Briefs: Twitter lands its new Dublin headquarters at €4.6m a year
Twitter has chosen a new Dublin headquarters. The social media giant is moving into Cumberland House in Dublin 2, adjacent to Merrion Square. Twitter will move to the building after a €27m refurbishment in the second half of next year. It will pay €4.6m per year to occupy 112,000 square feet, taking in the whole building except the fifth and sixth floors. It will also take 140 parking spaces.
Property firm Hibernmia REIT said the deal is being done on a 20-year lease, with tenant-only break options after 12 and 15 years. The statement confirms a 'Sunday Independent' report earlier this month that Twitter had lined up a deal for Cumberland House.
Hibernia acquired the 112,000 sq ft Cumberland House for €49m last March. The property also has 213 car parking spaces on a 1.6 acre site. "We are delighted to have agreed terms with Twitter for the pre-lease of the majority of Cumberland House," said Hibernia CEO Kevin Nowlan. "Once refurbished, the building will offer over 112,000 square feet of office space with the potential of further expansion in future. Once fully let we expect the building to generate a yield on cost of at least 8pc."
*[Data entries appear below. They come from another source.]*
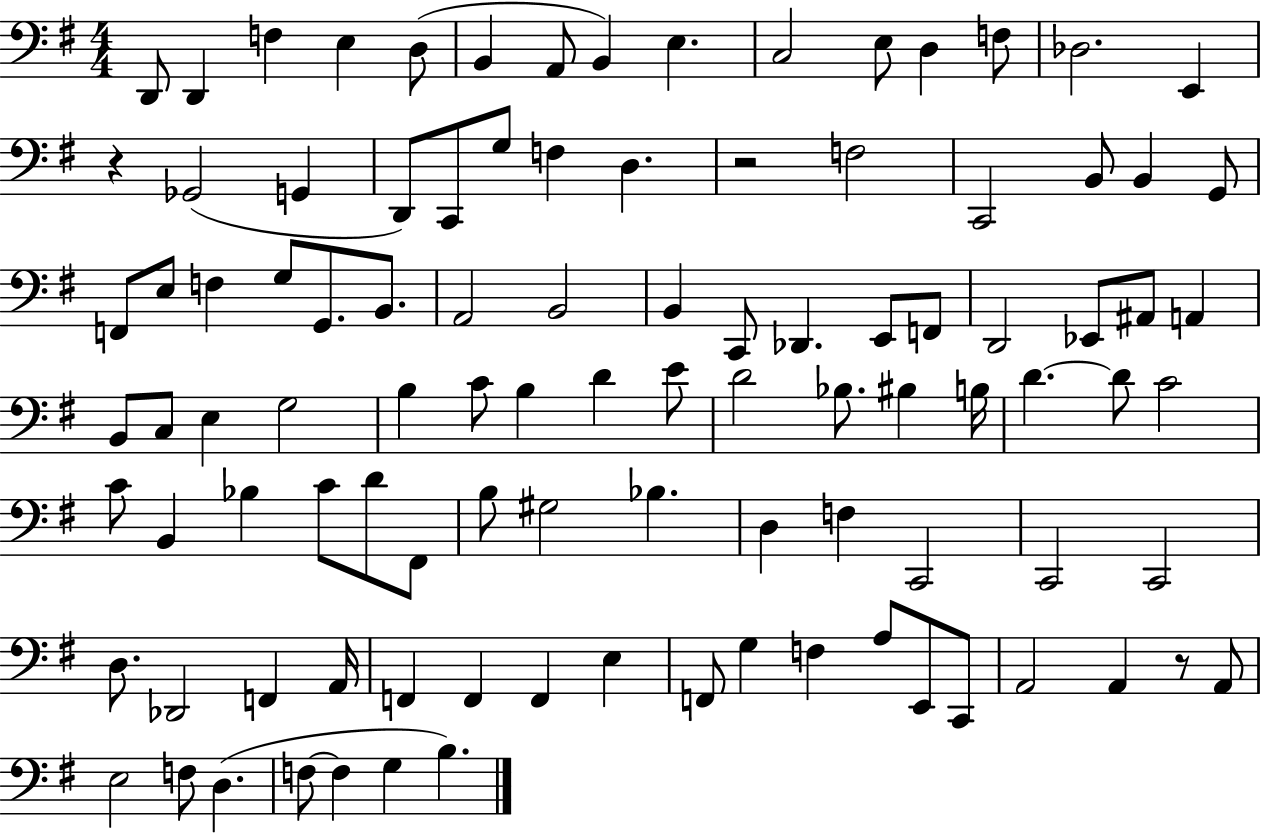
{
  \clef bass
  \numericTimeSignature
  \time 4/4
  \key g \major
  d,8 d,4 f4 e4 d8( | b,4 a,8 b,4) e4. | c2 e8 d4 f8 | des2. e,4 | \break r4 ges,2( g,4 | d,8) c,8 g8 f4 d4. | r2 f2 | c,2 b,8 b,4 g,8 | \break f,8 e8 f4 g8 g,8. b,8. | a,2 b,2 | b,4 c,8 des,4. e,8 f,8 | d,2 ees,8 ais,8 a,4 | \break b,8 c8 e4 g2 | b4 c'8 b4 d'4 e'8 | d'2 bes8. bis4 b16 | d'4.~~ d'8 c'2 | \break c'8 b,4 bes4 c'8 d'8 fis,8 | b8 gis2 bes4. | d4 f4 c,2 | c,2 c,2 | \break d8. des,2 f,4 a,16 | f,4 f,4 f,4 e4 | f,8 g4 f4 a8 e,8 c,8 | a,2 a,4 r8 a,8 | \break e2 f8 d4.( | f8~~ f4 g4 b4.) | \bar "|."
}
The Government is to spend €275m on an "initial stimulus" for the National Broadband Plan, a scheme to connect hundreds of thousands of rural homes and businesses to fibre broadband by 2020.
While the amount of broadband money is just over half the sum previously touted by the Government, Communications Minister Alex White has insisted the sum "does not represent the full cost of the National Broadband Plan". He said any remaining investment would "likely be spread over 20 years".
The Government had initially put a €510m figure on the project. "The €275m will provide the initial stimulus for the early years of the State intervention under the National Broadband Plan," said White. He said that the Government will commence "formal procurement" for tenders to build the new network by the end of 2015. The Government's original estimate of 700,000 premises may be cut short by new promises from Eir and Siro.
APPLE has set October 9 as the launch date for its latest phones in Irish shops. The iPhone 6s will cost €759 for the 16GB model, €869 for the 64GB model and €979 for the 128GB model. The iPhone 6s Plus will cost €869 for the 16GB model, €979 for the 64GB model and €1089 for the 128GB model. The phones will also be available from most big Irish operators on a subsidised bill-pay basis. The phones will be available in gold, silver, "space grey" and the new rose gold metallic finishes.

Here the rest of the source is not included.